Restate word for word the lines of the data below, from the first through the one that has "Valentino Blue Cotton Pattern Shirt".

Task material →

===

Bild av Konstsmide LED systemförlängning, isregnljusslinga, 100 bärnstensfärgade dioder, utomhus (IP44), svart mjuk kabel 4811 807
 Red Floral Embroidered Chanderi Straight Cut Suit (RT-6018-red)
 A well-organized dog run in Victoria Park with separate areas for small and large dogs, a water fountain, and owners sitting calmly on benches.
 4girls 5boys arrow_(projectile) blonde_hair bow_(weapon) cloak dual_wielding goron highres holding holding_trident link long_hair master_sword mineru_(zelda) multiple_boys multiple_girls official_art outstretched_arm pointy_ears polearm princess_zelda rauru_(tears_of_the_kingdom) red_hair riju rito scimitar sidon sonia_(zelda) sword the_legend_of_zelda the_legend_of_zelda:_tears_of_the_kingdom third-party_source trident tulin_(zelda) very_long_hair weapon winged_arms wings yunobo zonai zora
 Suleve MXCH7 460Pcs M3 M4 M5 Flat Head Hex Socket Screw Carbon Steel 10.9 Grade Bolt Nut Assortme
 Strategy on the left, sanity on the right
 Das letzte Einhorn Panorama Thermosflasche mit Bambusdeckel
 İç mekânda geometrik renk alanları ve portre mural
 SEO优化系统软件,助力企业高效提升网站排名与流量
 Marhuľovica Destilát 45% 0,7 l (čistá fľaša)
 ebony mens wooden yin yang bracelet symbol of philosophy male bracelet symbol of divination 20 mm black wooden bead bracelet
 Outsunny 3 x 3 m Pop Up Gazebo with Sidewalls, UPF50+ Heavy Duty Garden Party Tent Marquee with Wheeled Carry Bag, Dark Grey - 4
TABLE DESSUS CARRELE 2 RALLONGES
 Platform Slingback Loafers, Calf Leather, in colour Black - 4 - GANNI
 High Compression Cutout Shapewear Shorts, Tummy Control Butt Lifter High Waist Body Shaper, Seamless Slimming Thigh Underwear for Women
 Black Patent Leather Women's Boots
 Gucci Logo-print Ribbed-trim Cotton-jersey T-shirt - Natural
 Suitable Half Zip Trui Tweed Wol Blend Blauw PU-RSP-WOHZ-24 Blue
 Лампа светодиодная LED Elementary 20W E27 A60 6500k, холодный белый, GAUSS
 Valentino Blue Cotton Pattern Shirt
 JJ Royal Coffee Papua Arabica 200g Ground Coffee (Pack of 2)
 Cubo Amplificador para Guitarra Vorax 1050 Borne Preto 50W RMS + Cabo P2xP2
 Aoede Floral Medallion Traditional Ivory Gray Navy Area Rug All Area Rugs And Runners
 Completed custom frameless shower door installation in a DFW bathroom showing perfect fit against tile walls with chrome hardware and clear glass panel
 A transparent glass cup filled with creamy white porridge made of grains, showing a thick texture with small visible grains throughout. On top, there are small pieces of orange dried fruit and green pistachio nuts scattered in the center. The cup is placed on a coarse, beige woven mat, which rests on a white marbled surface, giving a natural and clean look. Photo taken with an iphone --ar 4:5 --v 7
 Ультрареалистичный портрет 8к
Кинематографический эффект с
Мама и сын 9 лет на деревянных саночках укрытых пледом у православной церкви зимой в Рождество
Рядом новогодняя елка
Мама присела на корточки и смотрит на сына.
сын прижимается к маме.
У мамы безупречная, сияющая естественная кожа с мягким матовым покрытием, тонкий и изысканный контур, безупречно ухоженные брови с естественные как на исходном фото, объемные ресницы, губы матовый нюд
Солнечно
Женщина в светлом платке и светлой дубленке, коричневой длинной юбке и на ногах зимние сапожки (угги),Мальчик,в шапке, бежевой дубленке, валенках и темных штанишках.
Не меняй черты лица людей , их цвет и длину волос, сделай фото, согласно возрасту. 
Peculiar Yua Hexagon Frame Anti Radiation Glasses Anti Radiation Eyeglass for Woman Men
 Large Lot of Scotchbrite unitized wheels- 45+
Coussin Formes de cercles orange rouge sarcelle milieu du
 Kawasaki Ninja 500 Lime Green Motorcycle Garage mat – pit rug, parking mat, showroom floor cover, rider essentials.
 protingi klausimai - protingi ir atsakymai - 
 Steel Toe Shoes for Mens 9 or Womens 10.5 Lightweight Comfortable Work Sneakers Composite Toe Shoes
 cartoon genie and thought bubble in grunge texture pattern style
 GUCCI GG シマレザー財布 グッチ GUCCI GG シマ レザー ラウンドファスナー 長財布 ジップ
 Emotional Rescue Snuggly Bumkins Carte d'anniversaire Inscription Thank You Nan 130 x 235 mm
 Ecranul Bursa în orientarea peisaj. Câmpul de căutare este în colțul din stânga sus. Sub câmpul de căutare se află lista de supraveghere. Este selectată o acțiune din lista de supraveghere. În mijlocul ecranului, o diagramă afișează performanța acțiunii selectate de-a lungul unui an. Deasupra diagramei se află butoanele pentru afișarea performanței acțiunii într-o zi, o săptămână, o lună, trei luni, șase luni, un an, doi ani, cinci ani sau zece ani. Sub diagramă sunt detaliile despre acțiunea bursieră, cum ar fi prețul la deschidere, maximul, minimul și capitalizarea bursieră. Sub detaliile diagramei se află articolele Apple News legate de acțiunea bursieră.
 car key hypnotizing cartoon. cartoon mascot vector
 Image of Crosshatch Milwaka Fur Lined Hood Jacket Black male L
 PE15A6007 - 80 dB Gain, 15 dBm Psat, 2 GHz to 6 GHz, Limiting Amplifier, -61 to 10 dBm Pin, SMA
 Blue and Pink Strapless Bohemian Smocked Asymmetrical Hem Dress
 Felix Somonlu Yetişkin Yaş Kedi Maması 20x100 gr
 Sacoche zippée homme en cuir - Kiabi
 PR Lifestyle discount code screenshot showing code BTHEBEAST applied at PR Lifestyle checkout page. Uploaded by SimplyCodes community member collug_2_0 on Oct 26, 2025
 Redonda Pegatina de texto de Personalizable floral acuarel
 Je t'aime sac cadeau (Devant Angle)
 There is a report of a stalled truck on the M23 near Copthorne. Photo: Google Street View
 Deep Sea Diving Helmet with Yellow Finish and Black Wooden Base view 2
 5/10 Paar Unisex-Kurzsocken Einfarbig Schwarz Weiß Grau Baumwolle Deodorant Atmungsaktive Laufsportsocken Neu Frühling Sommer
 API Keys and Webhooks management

===

Output below →
Bild av Konstsmide LED systemförlängning, isregnljusslinga, 100 bärnstensfärgade dioder, utomhus (IP44), svart mjuk kabel 4811 807
 Red Floral Embroidered Chanderi Straight Cut Suit (RT-6018-red)
 A well-organized dog run in Victoria Park with separate areas for small and large dogs, a water fountain, and owners sitting calmly on benches.
 4girls 5boys arrow_(projectile) blonde_hair bow_(weapon) cloak dual_wielding goron highres holding holding_trident link long_hair master_sword mineru_(zelda) multiple_boys multiple_girls official_art outstretched_arm pointy_ears polearm princess_zelda rauru_(tears_of_the_kingdom) red_hair riju rito scimitar sidon sonia_(zelda) sword the_legend_of_zelda the_legend_of_zelda:_tears_of_the_kingdom third-party_source trident tulin_(zelda) very_long_hair weapon winged_arms wings yunobo zonai zora
 Suleve MXCH7 460Pcs M3 M4 M5 Flat Head Hex Socket Screw Carbon Steel 10.9 Grade Bolt Nut Assortme
 Strategy on the left, sanity on the right
 Das letzte Einhorn Panorama Thermosflasche mit Bambusdeckel
 İç mekânda geometrik renk alanları ve portre mural
 SEO优化系统软件,助力企业高效提升网站排名与流量
 Marhuľovica Destilát 45% 0,7 l (čistá fľaša)
 ebony mens wooden yin yang bracelet symbol of philosophy male bracelet symbol of divination 20 mm black wooden bead bracelet
 Outsunny 3 x 3 m Pop Up Gazebo with Sidewalls, UPF50+ Heavy Duty Garden Party Tent Marquee with Wheeled Carry Bag, Dark Grey - 4
TABLE DESSUS CARRELE 2 RALLONGES
 Platform Slingback Loafers, Calf Leather, in colour Black - 4 - GANNI
 High Compression Cutout Shapewear Shorts, Tummy Control Butt Lifter High Waist Body Shaper, Seamless Slimming Thigh Underwear for Women
 Black Patent Leather Women's Boots
 Gucci Logo-print Ribbed-trim Cotton-jersey T-shirt - Natural
 Suitable Half Zip Trui Tweed Wol Blend Blauw PU-RSP-WOHZ-24 Blue
 Лампа светодиодная LED Elementary 20W E27 A60 6500k, холодный белый, GAUSS
 Valentino Blue Cotton Pattern Shirt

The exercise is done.